§ TASK BRIEF: A faithful copy is needed. Set down all of the data below exactly.

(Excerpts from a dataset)

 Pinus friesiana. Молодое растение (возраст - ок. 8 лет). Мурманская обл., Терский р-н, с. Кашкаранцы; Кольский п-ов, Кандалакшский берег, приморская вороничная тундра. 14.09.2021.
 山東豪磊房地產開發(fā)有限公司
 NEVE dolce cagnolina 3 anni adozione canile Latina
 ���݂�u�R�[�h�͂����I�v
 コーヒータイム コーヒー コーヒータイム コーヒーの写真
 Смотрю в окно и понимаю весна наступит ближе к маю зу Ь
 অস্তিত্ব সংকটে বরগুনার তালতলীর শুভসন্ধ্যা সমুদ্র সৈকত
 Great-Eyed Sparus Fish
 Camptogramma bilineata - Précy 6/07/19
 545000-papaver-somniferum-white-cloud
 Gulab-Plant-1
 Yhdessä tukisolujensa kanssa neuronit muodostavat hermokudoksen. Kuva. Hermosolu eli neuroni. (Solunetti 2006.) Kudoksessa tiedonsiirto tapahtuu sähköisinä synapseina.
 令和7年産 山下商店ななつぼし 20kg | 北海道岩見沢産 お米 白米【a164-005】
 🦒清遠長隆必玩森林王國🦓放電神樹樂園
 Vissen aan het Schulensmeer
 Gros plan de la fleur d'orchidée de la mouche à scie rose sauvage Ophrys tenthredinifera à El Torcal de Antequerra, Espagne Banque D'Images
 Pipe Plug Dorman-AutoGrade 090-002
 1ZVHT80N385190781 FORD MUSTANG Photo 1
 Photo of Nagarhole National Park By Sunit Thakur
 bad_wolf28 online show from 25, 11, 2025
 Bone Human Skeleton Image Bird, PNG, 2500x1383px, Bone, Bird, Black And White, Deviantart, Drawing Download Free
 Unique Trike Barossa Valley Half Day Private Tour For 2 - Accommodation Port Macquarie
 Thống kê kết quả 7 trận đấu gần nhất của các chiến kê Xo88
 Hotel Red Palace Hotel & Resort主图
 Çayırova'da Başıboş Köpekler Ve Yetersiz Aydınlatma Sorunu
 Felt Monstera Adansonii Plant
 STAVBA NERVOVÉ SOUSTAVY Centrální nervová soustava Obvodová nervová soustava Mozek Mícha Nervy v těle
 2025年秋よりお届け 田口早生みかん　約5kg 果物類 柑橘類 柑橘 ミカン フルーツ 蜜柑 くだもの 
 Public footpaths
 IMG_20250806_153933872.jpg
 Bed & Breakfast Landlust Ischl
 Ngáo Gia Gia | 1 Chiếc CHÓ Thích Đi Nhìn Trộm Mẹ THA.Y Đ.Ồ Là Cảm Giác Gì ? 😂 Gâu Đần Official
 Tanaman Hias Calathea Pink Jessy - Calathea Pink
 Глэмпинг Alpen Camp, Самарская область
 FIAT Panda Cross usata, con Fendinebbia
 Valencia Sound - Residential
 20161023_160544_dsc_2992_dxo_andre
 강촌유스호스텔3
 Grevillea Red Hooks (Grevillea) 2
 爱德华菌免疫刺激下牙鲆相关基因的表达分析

§ ANSWER FOR THE TASK:
 Pinus friesiana. Молодое растение (возраст - ок. 8 лет). Мурманская обл., Терский р-н, с. Кашкаранцы; Кольский п-ов, Кандалакшский берег, приморская вороничная тундра. 14.09.2021.
 山東豪磊房地產開發(fā)有限公司
 NEVE dolce cagnolina 3 anni adozione canile Latina
 ���݂�u�R�[�h�͂����I�v
 コーヒータイム コーヒー コーヒータイム コーヒーの写真
 Смотрю в окно и понимаю весна наступит ближе к маю зу Ь
 অস্তিত্ব সংকটে বরগুনার তালতলীর শুভসন্ধ্যা সমুদ্র সৈকত
 Great-Eyed Sparus Fish
 Camptogramma bilineata - Précy 6/07/19
 545000-papaver-somniferum-white-cloud
 Gulab-Plant-1
 Yhdessä tukisolujensa kanssa neuronit muodostavat hermokudoksen. Kuva. Hermosolu eli neuroni. (Solunetti 2006.) Kudoksessa tiedonsiirto tapahtuu sähköisinä synapseina.
 令和7年産 山下商店ななつぼし 20kg | 北海道岩見沢産 お米 白米【a164-005】
 🦒清遠長隆必玩森林王國🦓放電神樹樂園
 Vissen aan het Schulensmeer
 Gros plan de la fleur d'orchidée de la mouche à scie rose sauvage Ophrys tenthredinifera à El Torcal de Antequerra, Espagne Banque D'Images
 Pipe Plug Dorman-AutoGrade 090-002
 1ZVHT80N385190781 FORD MUSTANG Photo 1
 Photo of Nagarhole National Park By Sunit Thakur
 bad_wolf28 online show from 25, 11, 2025
 Bone Human Skeleton Image Bird, PNG, 2500x1383px, Bone, Bird, Black And White, Deviantart, Drawing Download Free
 Unique Trike Barossa Valley Half Day Private Tour For 2 - Accommodation Port Macquarie
 Thống kê kết quả 7 trận đấu gần nhất của các chiến kê Xo88
 Hotel Red Palace Hotel & Resort主图
 Çayırova'da Başıboş Köpekler Ve Yetersiz Aydınlatma Sorunu
 Felt Monstera Adansonii Plant
 STAVBA NERVOVÉ SOUSTAVY Centrální nervová soustava Obvodová nervová soustava Mozek Mícha Nervy v těle
 2025年秋よりお届け 田口早生みかん　約5kg 果物類 柑橘類 柑橘 ミカン フルーツ 蜜柑 くだもの 
 Public footpaths
 IMG_20250806_153933872.jpg
 Bed & Breakfast Landlust Ischl
 Ngáo Gia Gia | 1 Chiếc CHÓ Thích Đi Nhìn Trộm Mẹ THA.Y Đ.Ồ Là Cảm Giác Gì ? 😂 Gâu Đần Official
 Tanaman Hias Calathea Pink Jessy - Calathea Pink
 Глэмпинг Alpen Camp, Самарская область
 FIAT Panda Cross usata, con Fendinebbia
 Valencia Sound - Residential
 20161023_160544_dsc_2992_dxo_andre
 강촌유스호스텔3
 Grevillea Red Hooks (Grevillea) 2
 爱德华菌免疫刺激下牙鲆相关基因的表达分析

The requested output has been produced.